Great review! I've always wanted to try one of these.


----------



## RGD MIKE (Oct 27, 2010)

thanks man its a beast.im still not over how awesome it is and ive had it for 4-5 months


----------



## hagen1230 (Dec 25, 2010)

I love this guitar. It's a dream to play.


----------



## RGD MIKE (Mar 26, 2011)

it sure is man.


----------



## xRiCoRex (Apr 22, 2011)

Thanks for this review, I have searching a review of this guitar since 2 days.

I hope a I can buy one soon


----------



## wavez1392 (Apr 25, 2011)

Have one with bkp nb and cs and its greatest guitar known to man.


----------



## CrazyDean (Jul 8, 2011)

Awesome! Could someone tell me what a reverse input jack is?


----------



## blackbird51 (Oct 17, 2011)

there's really no need to change the stock pickups in this guitar, they are completely fine on their own, bareknuckle or dimarzios will not make much difference..


----------



## Sepultorture (Oct 17, 2011)

i beg to differ, i fodun the stock ones better than the ones that came before, but Bareknucke makes a huge difference for me, far more character in barenuckle, tighter, and more defined


----------



## blackbird51 (Nov 18, 2011)

ok feel free to buy your overpriced pickups.


----------



## Sepultorture (Nov 18, 2011)

i well thank i will will do just that


----------



## murakami (Nov 21, 2011)

the stock pickups sound muddy. why do you have to bring that attitude in a good review?


----------



## Sonicassaultphil (Jan 26, 2012)

I never was a fan of the stock ibanez pickups.
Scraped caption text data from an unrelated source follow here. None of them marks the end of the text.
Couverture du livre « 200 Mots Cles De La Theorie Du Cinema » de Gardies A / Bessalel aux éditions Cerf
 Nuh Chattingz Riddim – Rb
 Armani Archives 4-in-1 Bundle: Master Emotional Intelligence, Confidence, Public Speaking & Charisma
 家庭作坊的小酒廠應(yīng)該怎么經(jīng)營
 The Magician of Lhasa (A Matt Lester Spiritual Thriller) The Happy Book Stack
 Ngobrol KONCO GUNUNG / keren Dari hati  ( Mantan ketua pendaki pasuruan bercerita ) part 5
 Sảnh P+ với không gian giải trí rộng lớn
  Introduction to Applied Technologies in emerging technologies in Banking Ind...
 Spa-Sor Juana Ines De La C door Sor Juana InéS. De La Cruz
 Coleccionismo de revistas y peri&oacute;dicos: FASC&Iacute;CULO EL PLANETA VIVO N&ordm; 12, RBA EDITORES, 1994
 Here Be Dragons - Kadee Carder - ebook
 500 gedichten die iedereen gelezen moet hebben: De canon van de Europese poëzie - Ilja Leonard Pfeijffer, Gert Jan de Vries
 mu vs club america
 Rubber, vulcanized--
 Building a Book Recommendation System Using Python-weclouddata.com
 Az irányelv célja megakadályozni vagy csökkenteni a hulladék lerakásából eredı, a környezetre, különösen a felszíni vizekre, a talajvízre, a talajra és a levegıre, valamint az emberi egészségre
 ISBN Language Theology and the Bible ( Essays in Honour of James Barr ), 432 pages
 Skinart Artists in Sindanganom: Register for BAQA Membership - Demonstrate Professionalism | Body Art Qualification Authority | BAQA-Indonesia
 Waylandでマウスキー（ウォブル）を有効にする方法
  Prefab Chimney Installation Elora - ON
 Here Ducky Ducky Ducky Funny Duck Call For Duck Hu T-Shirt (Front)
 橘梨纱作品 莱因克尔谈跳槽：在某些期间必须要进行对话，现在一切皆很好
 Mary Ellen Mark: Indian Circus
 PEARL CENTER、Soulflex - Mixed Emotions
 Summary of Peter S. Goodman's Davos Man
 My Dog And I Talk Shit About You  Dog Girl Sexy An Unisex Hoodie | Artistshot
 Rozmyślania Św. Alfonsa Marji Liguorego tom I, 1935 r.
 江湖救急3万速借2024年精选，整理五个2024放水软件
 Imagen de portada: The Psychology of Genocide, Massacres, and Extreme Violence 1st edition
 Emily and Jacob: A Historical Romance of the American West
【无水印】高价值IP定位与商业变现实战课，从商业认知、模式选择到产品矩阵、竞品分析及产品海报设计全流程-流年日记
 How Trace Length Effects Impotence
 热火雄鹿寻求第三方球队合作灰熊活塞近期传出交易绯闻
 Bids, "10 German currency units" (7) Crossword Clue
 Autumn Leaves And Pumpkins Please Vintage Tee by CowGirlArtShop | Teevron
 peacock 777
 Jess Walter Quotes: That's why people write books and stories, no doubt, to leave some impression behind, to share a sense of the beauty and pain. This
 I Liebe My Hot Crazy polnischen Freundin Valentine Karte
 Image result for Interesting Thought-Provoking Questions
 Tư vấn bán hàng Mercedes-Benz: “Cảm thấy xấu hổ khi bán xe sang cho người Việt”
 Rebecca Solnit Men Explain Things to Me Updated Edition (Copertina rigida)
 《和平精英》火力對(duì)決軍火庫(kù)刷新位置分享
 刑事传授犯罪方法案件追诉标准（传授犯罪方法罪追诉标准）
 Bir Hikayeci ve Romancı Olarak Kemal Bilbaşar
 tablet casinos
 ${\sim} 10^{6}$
But i love where they put the pickup selector on this guy  totally awesome for switching pickups when going for some tech tap's


----------



## ImSideways (May 29, 2012)

Want, these things look great, thanks for the review I've been looking at these but haven't got any decent reviews on them.


----------



## iMath (Aug 20, 2013)

Great review man! Got mine today. Im seriously in love


----------



## Matt_D_ (Aug 21, 2013)

I love mine to bits. the stock pickups were usable but have been upgraded. Only complaint is that the finish is amazingly ridiculously fragile.


----------



## soldierkahn (Jul 23, 2016)

how does it compare to the RG1077XL? has anyone played both?


----------